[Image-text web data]
--- START ---
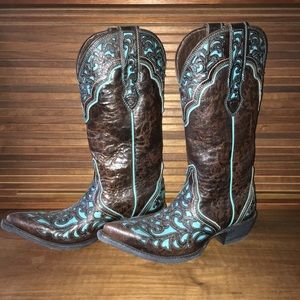 Ariat Western Boots Brown with Turquoise Inlay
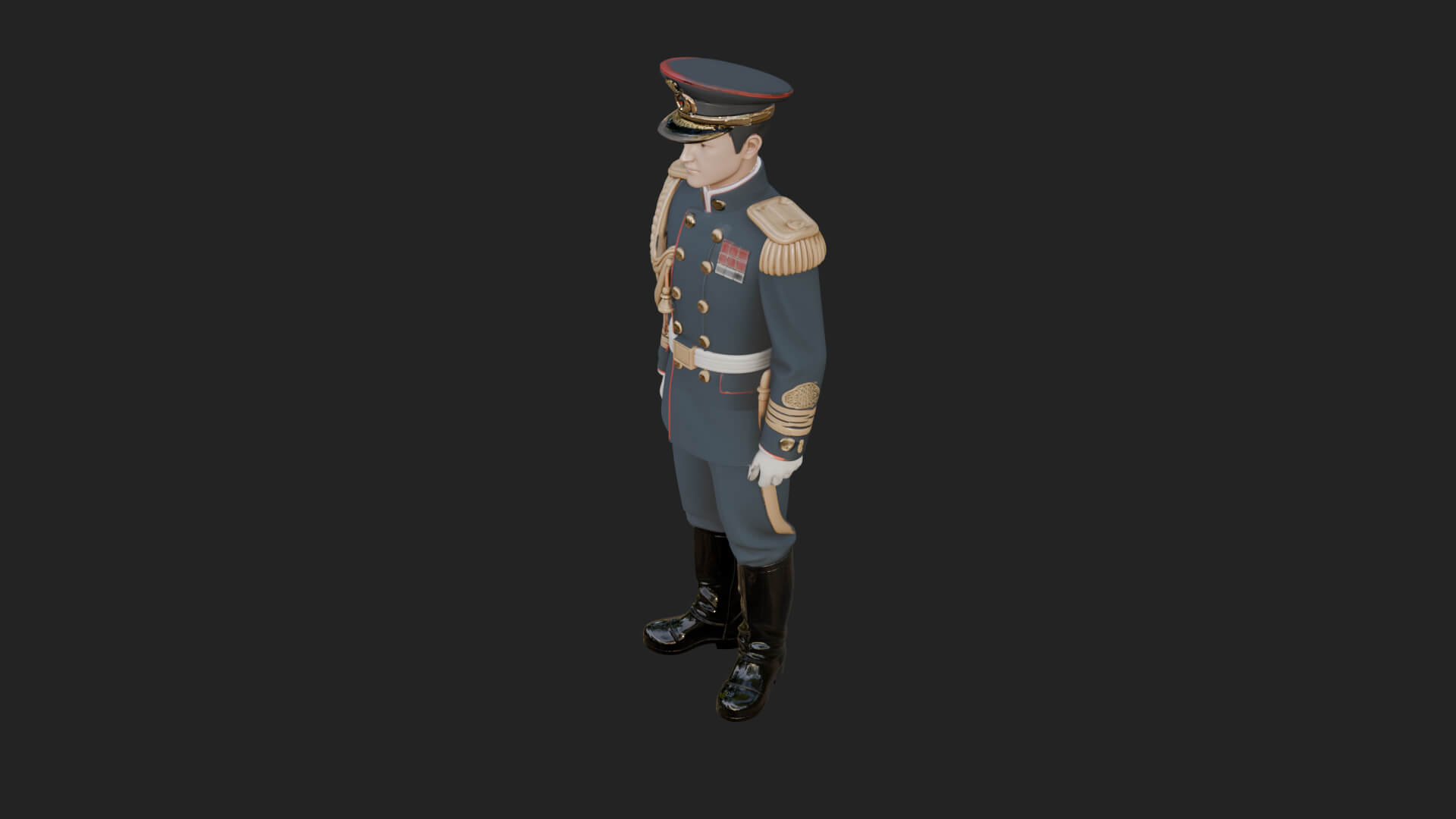 Dress Uniform Officer Statue Design 2 3D Print Model 3D Model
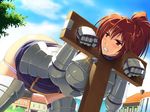  angry armor ass bent_over blush breasts brown_eyes brown_hair clenched_teeth himekishi_angelica huge_ass huge_breasts large_breasts looking lying on_back outdoors panties panty_pull pillory ponytail public stockade stocks teeth underwear you_gonna_get_raped 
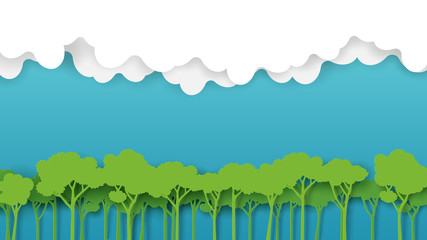 Obraz premium Zielona sylwetka krajobraz lasu z chmurami i niebieskim tle nieba. Koncepcja ochrony przyrody i środowiska stylu sztuki papieru. Ilustracja wektorowa.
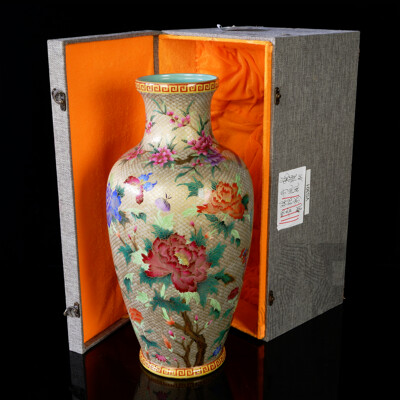 Large Chinese Hand Decorated Porcelain Baluster Vase with Gold & Floral Decoration, in Presentation Box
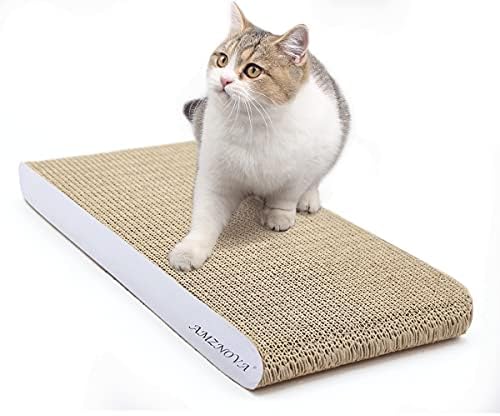 Cat Scratching Pad, Cat Scratcher Cardboard, Scratch Lounge with Catnip, Wide, Textured Black(Upgraded)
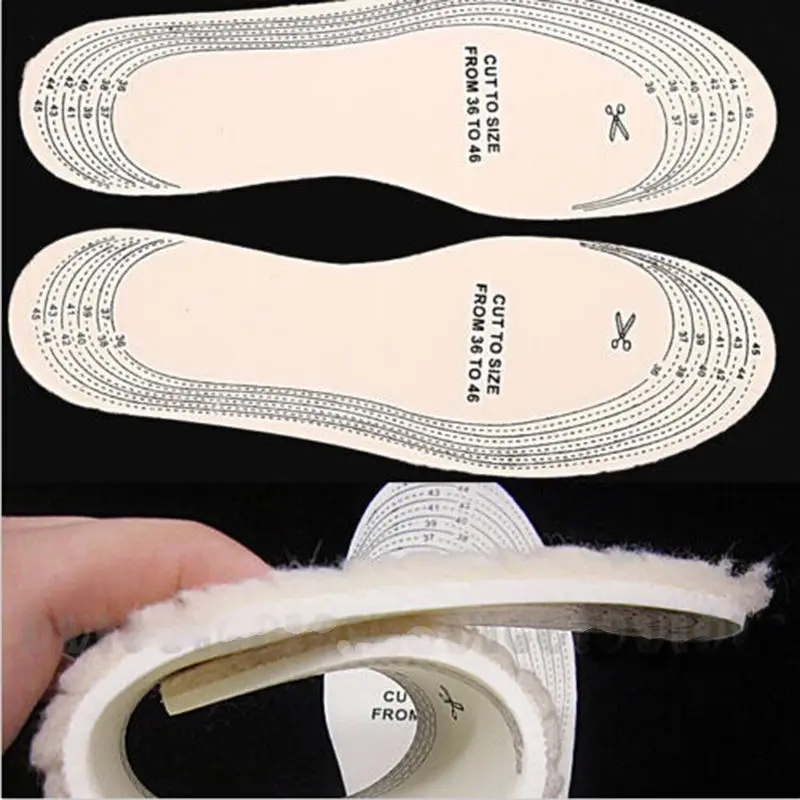 

Winter Wool Warm Heated Insoles Thermal Thickened Warm Keeping Shoes Pad For Men And Women 1 pair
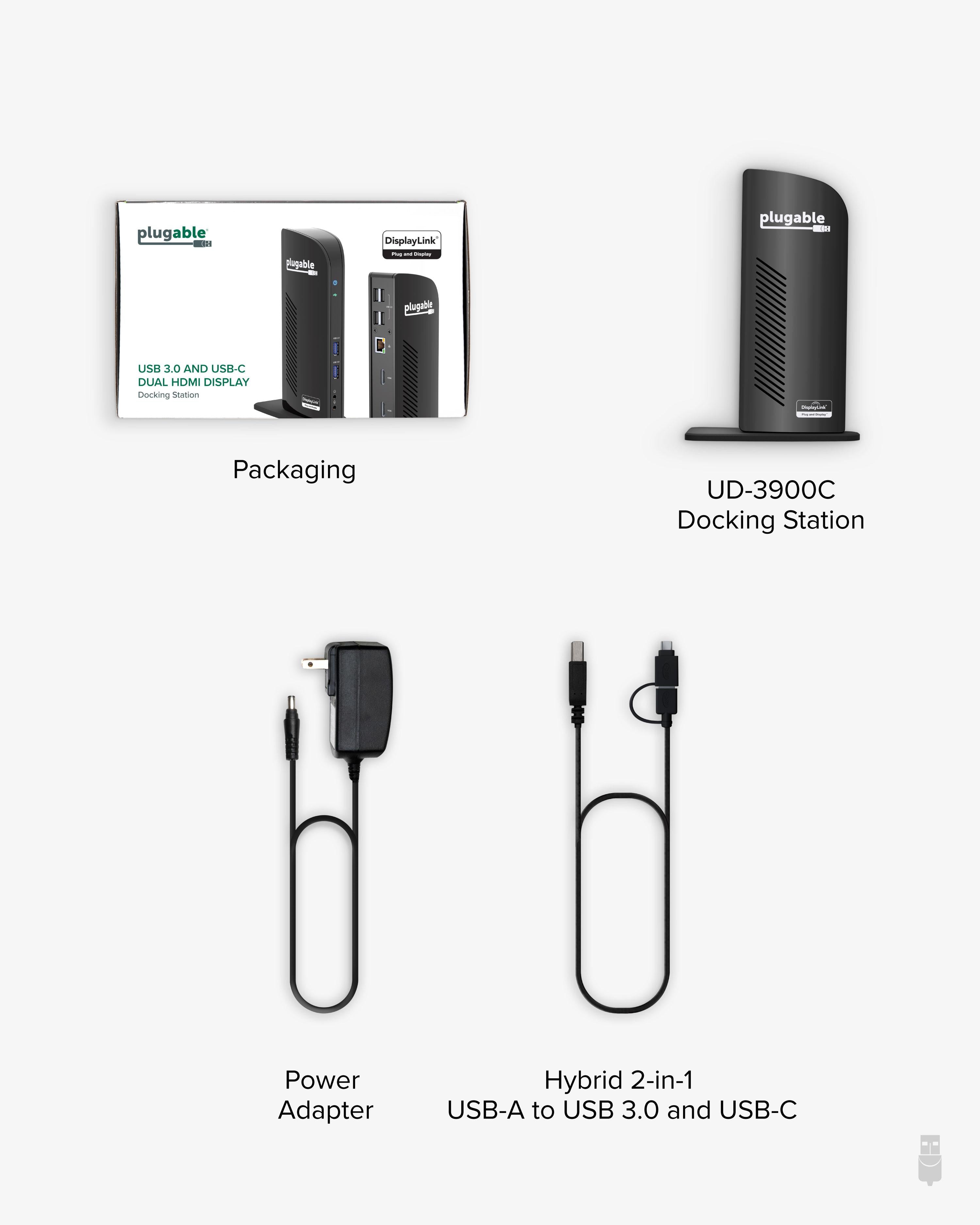 Plugable USB 3.0 and USB-C Docking Station with Displaylink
--- END ---
__Work required__
Nothing but the lines from the line containing "Winter Wool Warm" through the end of the records belongs in the answer, written out exactly, both ends included, without pictures.

__Solution to the exercise__
Winter Wool Warm Heated Insoles Thermal Thickened Warm Keeping Shoes Pad For Men And Women 1 pair
 Plugable USB 3.0 and USB-C Docking Station with Displaylink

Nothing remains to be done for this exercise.